• [PROBLEM DESCRIPTION]:
Transcribe the data as written, minus images.

* * * * * * * * *

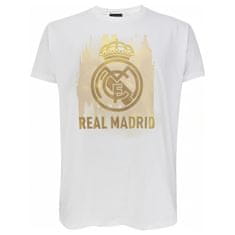 FotbalFans Tričko Real Madrid FC, bílé, bavlněné | L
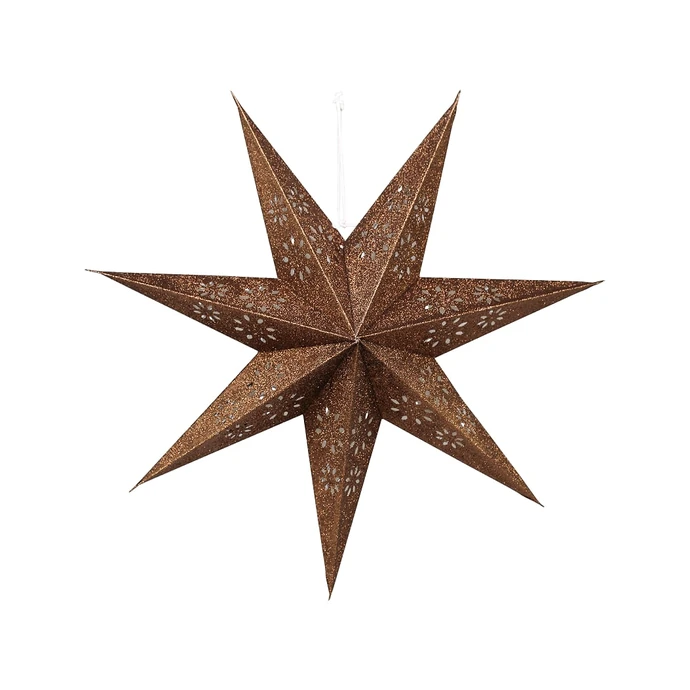 Závěsná skládací hvězda Glitter Mocca 41 cm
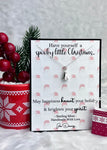 Spooky Christmas Gift Happiness Haunt Your Holiday Sterling Ghost Necklace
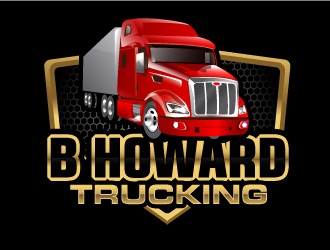 B HOWARD TRUCKING  logo design by Suvendu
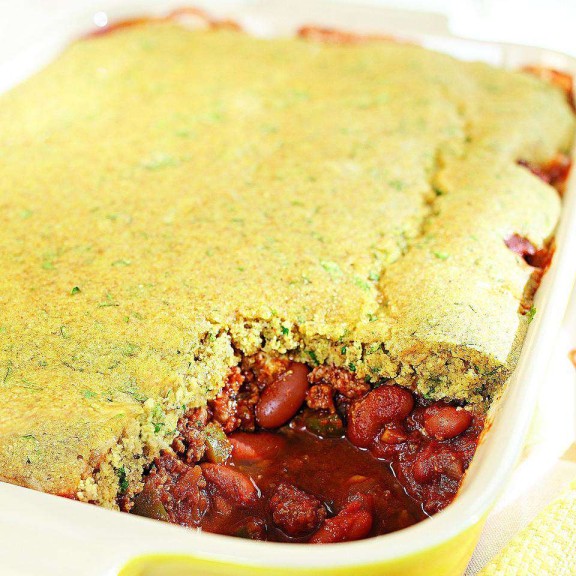 Saag Cornbread Casserole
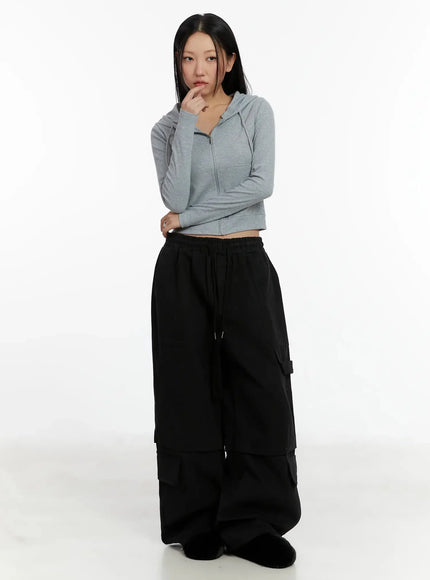 Baggy Drawstring Cargo Pants ID525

* * * * * * * * *

• [RESPONSE AREA]:
 FotbalFans Tričko Real Madrid FC, bílé, bavlněné | L
 Závěsná skládací hvězda Glitter Mocca 41 cm
 Spooky Christmas Gift Happiness Haunt Your Holiday Sterling Ghost Necklace
 B HOWARD TRUCKING  logo design by Suvendu
 Saag Cornbread Casserole
 Baggy Drawstring Cargo Pants ID525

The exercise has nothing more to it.